- RAW DATA
· · · · ·
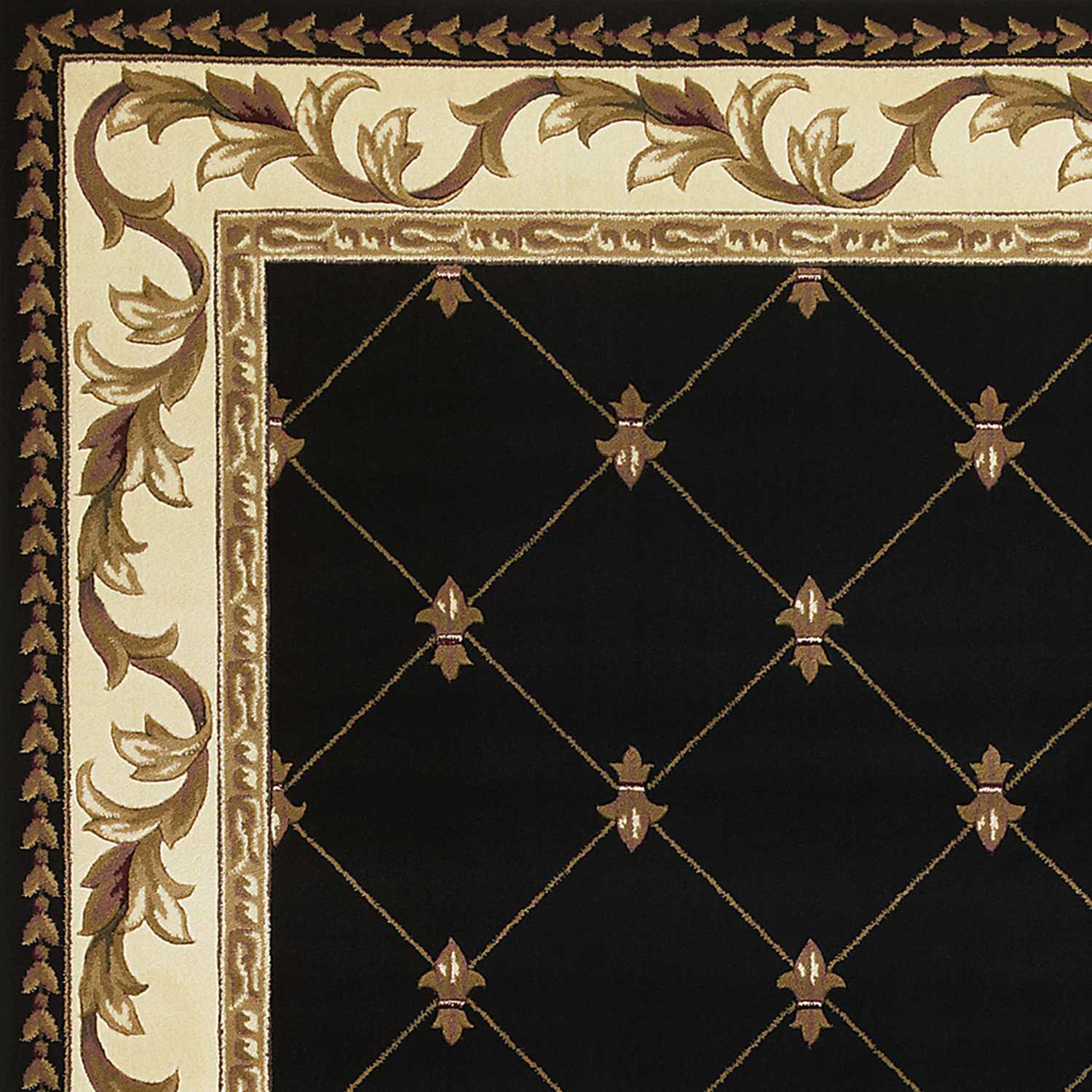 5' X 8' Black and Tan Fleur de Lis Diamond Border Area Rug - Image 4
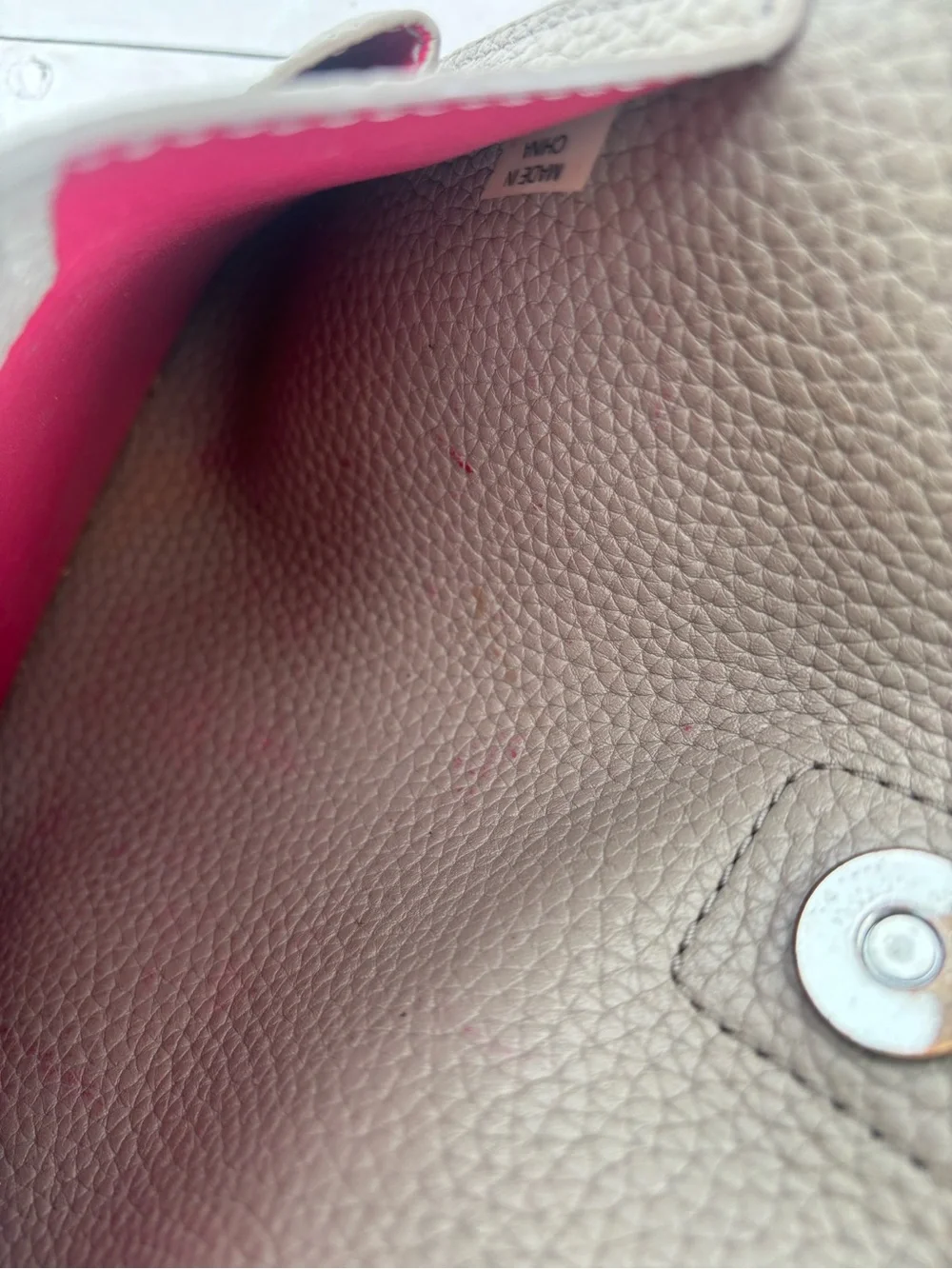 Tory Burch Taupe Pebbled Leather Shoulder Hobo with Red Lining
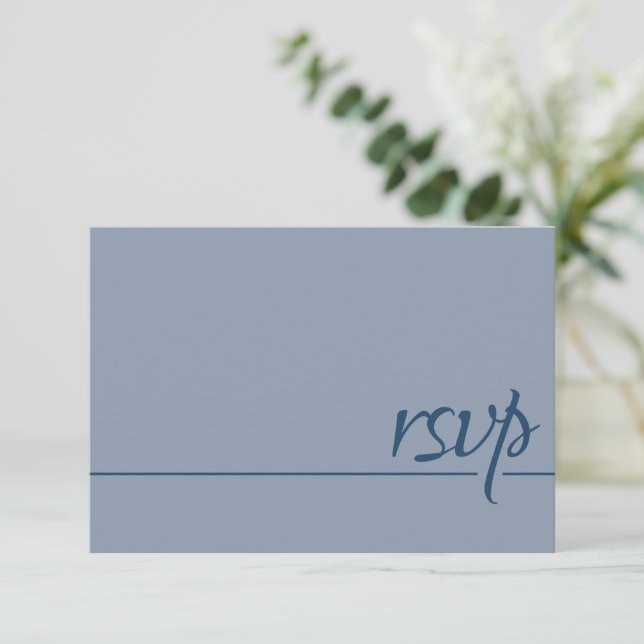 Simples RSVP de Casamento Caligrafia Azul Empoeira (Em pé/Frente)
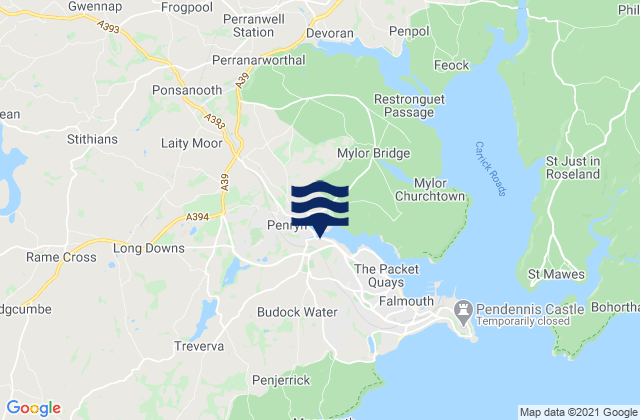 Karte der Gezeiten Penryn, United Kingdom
· · · · ·
- WHAT IS NEEDED
Take the line containing "Simples RSVP de" through the last line of the material and retype exactly those lines, both ends included, with no pictures.

- RESPONSE AREA
 Simples RSVP de Casamento Caligrafia Azul Empoeira (Em pé/Frente)
 Karte der Gezeiten Penryn, United Kingdom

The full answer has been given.